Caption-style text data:
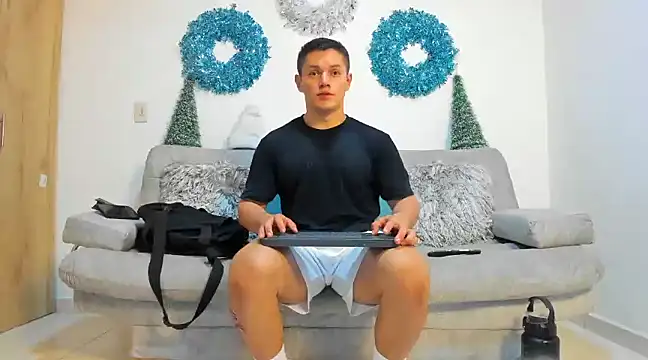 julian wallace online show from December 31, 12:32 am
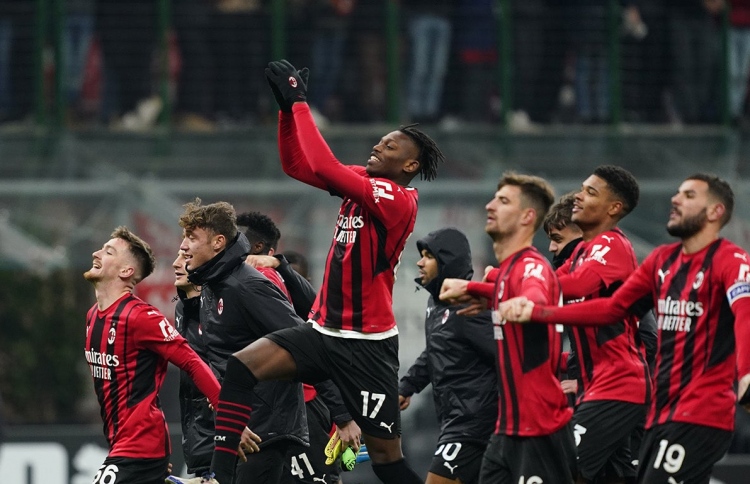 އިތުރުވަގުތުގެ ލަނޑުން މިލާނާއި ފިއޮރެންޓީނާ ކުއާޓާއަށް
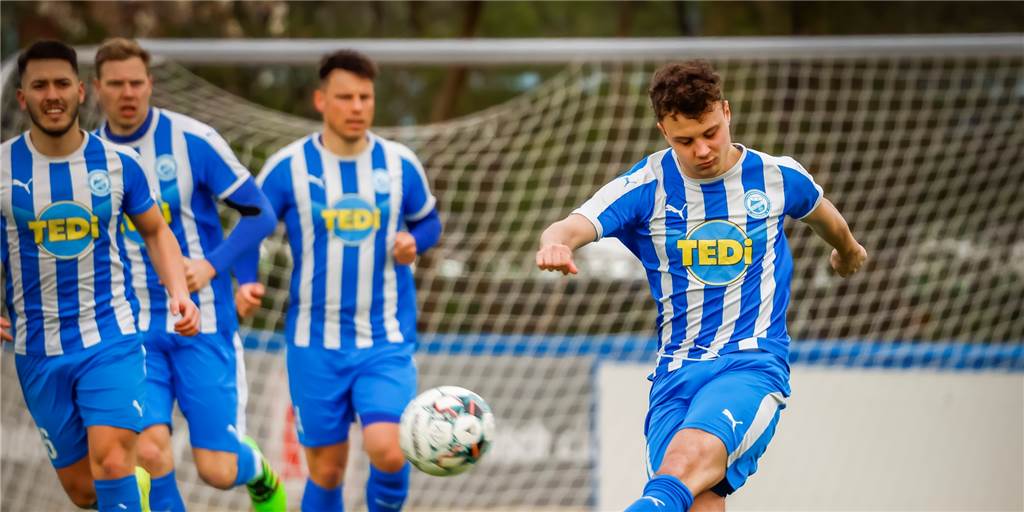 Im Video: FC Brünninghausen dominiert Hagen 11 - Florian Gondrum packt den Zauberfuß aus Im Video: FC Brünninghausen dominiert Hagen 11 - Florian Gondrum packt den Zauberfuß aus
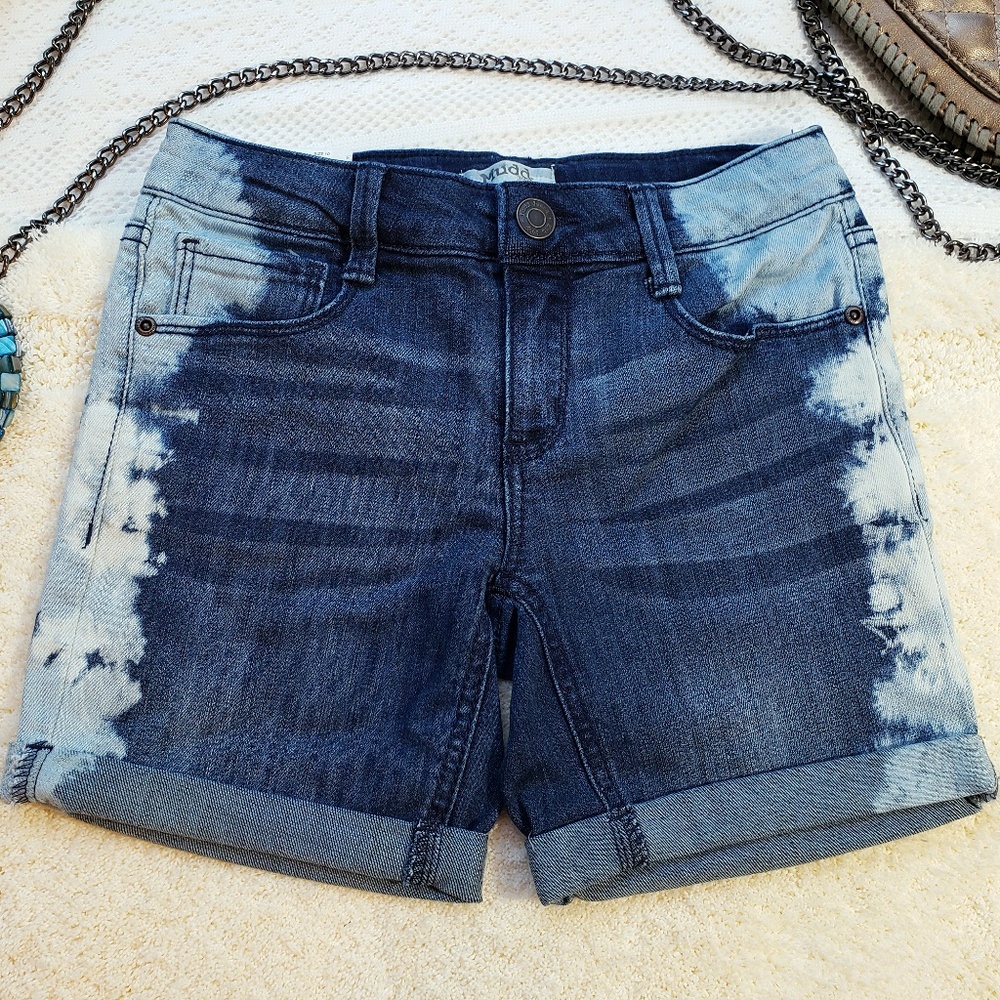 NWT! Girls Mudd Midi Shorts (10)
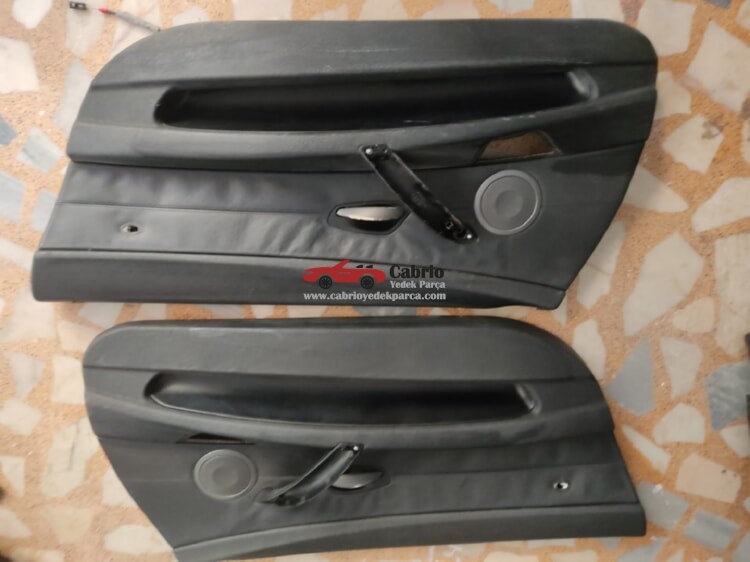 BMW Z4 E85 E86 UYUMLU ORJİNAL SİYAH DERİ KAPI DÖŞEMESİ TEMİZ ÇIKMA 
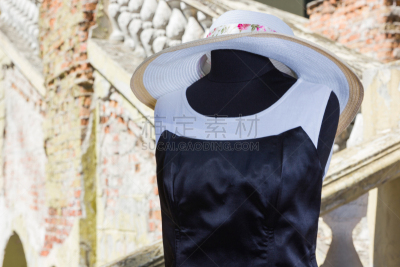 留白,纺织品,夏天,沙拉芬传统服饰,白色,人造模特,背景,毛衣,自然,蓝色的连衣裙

▸ **WHAT YOU NEED TO DO**
Copy out each record word for word and omit any pictures.

▸ **ANSWER**
 julian wallace online show from December 31, 12:32 am
 އިތުރުވަގުތުގެ ލަނޑުން މިލާނާއި ފިއޮރެންޓީނާ ކުއާޓާއަށް
 Im Video: FC Brünninghausen dominiert Hagen 11 - Florian Gondrum packt den Zauberfuß aus Im Video: FC Brünninghausen dominiert Hagen 11 - Florian Gondrum packt den Zauberfuß aus
 NWT! Girls Mudd Midi Shorts (10)
 BMW Z4 E85 E86 UYUMLU ORJİNAL SİYAH DERİ KAPI DÖŞEMESİ TEMİZ ÇIKMA 
 留白,纺织品,夏天,沙拉芬传统服饰,白色,人造模特,背景,毛衣,自然,蓝色的连衣裙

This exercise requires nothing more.